Westminster Policy News & Legislative Analysis

DfE confirms statutory Year 8 reading test in England

The Department for Education has confirmed a statutory reading assessment for all pupils in Year 8 in England, designed to check reading fluency and comprehension at age 13. Education Secretary Bridget Phillipson announced the measure as part of a broader programme to raise attainment in secondary years. The move creates a formal checkpoint in Key Stage 3 to identify pupils needing additional support and to stretch confident readers. The announcement was trailed in Phillipson’s address to the Confederation of School Trusts on 16 October 2025.

According to the published government summary, school‑level results will not be released publicly. Individual pupil outcomes will be shared with parents, and data will be available to Ofsted and the Department for Education. Ministers describe the assessment as a snapshot that pupils are not expected to revise for, aligning the approach with the non‑publication model used for the Year 1 phonics screening check. The press notice was first issued on 15 October 2025 and updated on 21 October to add the speech transcript.

Setting the proposal in context, Phillipson said the Year 8 check is intended to address the drift some pupils experience between the end of primary (Year 6) and GCSEs. She also set an ambition for 90% of children to meet the expected standard in the Year 1 phonics check, alongside signalling wider reform through a forthcoming schools white paper and a refreshed Ofsted framework.

The Year 8 assessment sits alongside the National Year of Reading, which the Department for Education and the National Literacy Trust will run from January 2026. Announced on 6 July 2025, the campaign aims to reverse the decline in reading for pleasure and is framed as part of the government’s plan to improve outcomes.

The National Year of Reading programme website confirms the campaign’s objectives and partnership model, highlighting planned activity across schools, libraries, businesses and community organisations during 2026.

Complementary measures flagged by the department include expanding support in Reception through the English Hubs programme, strengthening early years provision and family support via Best Start Family Hubs, new training for secondary teachers to support struggling readers, and a £1 million fund for schools with the greatest need to purchase reading programmes and resources.

For accountability, the assessment data will be visible to Ofsted but kept out of the public domain at school level. While ministers emphasise diagnostic use, the department has also referenced a new inspection framework and wider reforms such as school report cards and targeted improvement support, indicating that literacy remains a priority across the system.
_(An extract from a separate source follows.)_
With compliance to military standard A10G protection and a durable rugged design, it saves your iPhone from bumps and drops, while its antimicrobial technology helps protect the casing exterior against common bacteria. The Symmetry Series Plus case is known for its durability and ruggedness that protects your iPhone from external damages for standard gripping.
The precise interaction between the Year 8 data and inspection judgments has not been set out.

Operational details are still to come. Neither the press release nor the CST speech sets out the assessment specification, administration window, delivery model, reasonable adjustments, or data standards for school information systems. These are expected to be clarified through subsequent departmental guidance and the forthcoming white paper.
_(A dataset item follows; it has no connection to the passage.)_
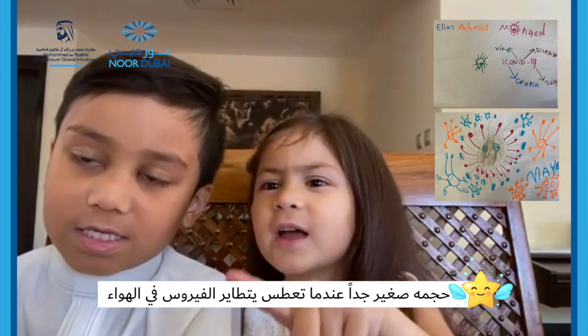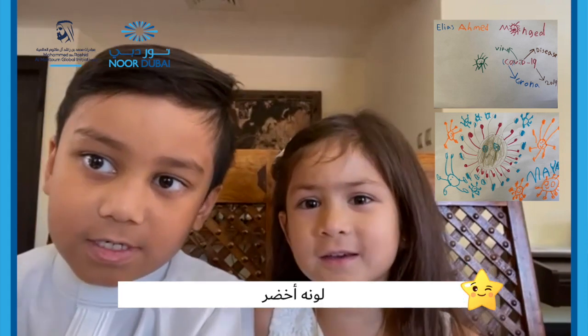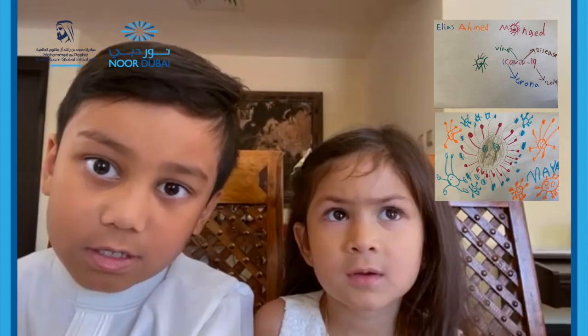It's green. You can't see it. What does coronavirus look like? Some green, and also blue and pink.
For families, the commitment to share results directly with parents and the statement that no revision is expected suggests schools should focus communication on what the outcome means and how support will be provided where needed, rather than on test preparation. This mirrors the approach taken for the Year 1 phonics check, where the emphasis is on early identification and targeted teaching.
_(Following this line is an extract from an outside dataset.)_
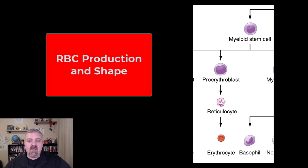Hey everybody, Dr. O. In this video we're going to talk about the shape of red blood cells and how they got that way. So let's follow this path here for red blood cell production first.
Policy Wire analysis: The policy formalises a Key Stage 3 reading checkpoint without adding league‑table pressure. The effect will depend on clear test design, a sensible administration timetable, practical guidance on interventions following the results, and data handling that supports school improvement rather than creating new burdens. With the National Year of Reading and a 90% phonics ambition running alongside, the coherence of supporting guidance-and sufficient funding beyond the initial £1m-will be the test of delivery.